Romance - The Secret Key
Now forget everything you've read in books, everything you've seen
on the silver screen, every love song you've ever heard. Good . . .
now you're in a more open state of mind. We have to shake the profound
programming that goes on throughout our lives that tells us what romance
is all about. I certainly don't have the answer, but I believe I can share
some insights that will assist you. Now let's move on to some commonly held
illusions about romance and marriage:
1. An incredible sex life is key to marriage.
2. Marriage should not be difficult. It should not be filled with
conflict. It should be happy all the time.
3. I have to get married before age . . .
4. Love and lust are the same.
5. One must find their one-and-only soul mate.
6. Infatuation means something important.
7. Falling in love is important.
8. Falling out of love means it's over.
9. You must live together before getting married.
10. You must not live together before getting married.

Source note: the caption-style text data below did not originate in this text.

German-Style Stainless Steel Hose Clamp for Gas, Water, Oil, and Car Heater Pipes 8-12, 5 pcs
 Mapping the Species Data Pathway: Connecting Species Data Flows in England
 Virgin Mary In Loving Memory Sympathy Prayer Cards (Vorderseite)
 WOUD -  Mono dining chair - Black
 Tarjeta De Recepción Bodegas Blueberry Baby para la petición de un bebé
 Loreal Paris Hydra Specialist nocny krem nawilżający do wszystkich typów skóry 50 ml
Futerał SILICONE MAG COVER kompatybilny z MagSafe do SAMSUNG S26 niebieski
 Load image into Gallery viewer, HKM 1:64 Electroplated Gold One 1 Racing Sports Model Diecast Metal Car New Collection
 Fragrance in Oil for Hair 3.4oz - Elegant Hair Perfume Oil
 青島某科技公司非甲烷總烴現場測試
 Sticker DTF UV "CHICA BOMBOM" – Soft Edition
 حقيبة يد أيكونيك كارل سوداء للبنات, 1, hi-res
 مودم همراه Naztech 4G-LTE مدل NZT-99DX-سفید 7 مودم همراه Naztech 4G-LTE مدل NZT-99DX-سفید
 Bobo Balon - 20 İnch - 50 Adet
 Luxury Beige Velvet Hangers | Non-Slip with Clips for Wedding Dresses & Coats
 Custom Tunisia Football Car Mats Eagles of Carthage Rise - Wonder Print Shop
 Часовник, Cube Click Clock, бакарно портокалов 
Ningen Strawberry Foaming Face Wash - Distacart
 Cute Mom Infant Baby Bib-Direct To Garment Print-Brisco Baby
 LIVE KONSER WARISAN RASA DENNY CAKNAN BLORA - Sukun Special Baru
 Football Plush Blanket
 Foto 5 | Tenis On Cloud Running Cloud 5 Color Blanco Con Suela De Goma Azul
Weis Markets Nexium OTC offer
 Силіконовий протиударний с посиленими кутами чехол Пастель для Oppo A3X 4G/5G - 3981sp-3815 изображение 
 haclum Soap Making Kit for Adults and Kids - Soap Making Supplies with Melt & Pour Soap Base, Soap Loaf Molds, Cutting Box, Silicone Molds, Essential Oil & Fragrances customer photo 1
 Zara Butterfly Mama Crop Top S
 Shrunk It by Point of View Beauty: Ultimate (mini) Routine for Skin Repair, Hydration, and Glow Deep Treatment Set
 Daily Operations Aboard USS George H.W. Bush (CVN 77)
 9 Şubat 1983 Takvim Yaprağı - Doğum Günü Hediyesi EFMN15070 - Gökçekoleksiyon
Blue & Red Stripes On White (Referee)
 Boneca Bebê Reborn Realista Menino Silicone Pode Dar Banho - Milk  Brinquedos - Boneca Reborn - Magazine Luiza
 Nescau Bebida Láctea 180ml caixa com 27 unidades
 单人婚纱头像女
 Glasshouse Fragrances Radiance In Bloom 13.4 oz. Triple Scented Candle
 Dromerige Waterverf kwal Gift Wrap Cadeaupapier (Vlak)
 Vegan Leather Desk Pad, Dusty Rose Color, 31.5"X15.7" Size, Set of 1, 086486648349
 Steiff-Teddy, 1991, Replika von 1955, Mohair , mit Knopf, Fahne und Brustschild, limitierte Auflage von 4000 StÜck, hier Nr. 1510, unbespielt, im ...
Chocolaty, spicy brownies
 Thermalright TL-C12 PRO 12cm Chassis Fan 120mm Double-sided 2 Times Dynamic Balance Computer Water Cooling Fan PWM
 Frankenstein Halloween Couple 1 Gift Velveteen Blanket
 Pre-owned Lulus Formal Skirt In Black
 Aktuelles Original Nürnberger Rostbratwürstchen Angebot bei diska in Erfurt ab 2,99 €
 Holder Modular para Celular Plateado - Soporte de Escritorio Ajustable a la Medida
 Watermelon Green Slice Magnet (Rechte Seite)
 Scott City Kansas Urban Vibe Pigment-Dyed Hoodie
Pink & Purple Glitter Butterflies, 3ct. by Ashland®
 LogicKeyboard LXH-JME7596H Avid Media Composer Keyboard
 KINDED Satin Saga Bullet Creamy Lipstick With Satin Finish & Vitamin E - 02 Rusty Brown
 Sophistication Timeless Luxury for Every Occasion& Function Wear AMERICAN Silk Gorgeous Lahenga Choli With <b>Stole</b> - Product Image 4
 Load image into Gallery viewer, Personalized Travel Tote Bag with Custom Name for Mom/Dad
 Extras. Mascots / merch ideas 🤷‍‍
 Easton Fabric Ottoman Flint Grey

I believe that an Eastern view of marriage dramatically helps reframe
what marriage is all about. From an Eastern spiritual standpoint, the purpose
of marriage (and there is a purpose) is to help husband and wife to chip away
at their own egos, their rough edges, so that eventually two can truly be as
one. To be one, and yet be independent beings, is no small task. When you
realize that the conflicts in marriage are merely expressions of one's own ego
coming to the surface, then you have much greater hope and a perspective to
help you through the hard times. How can we achieve unity as couples until
we deal with our own issues of anger, greed, envy, jealousy. From a spiritual
standpoint the purpose of marriage is to Go find God together... to be as
one together, to assist each other, rather than blame each other. These rough
edges are not bad. They're good . . . as long as you don't fall into blame. Your
anger, your envy, and your jealousy are not caused by your partner. They are
merely brought to the surface by your partner. Like sandpaper, marriage
sands away the rough edges.
Now back to the first fallacy of marriage. Sex is highly over-rated in
America. We're obsessed with it. I'm not saying sex is bad. I think the
Europeans have a more relaxed attitude toward sexuality. In the context of
marriage, sex is about communication. It's another way of two becoming one.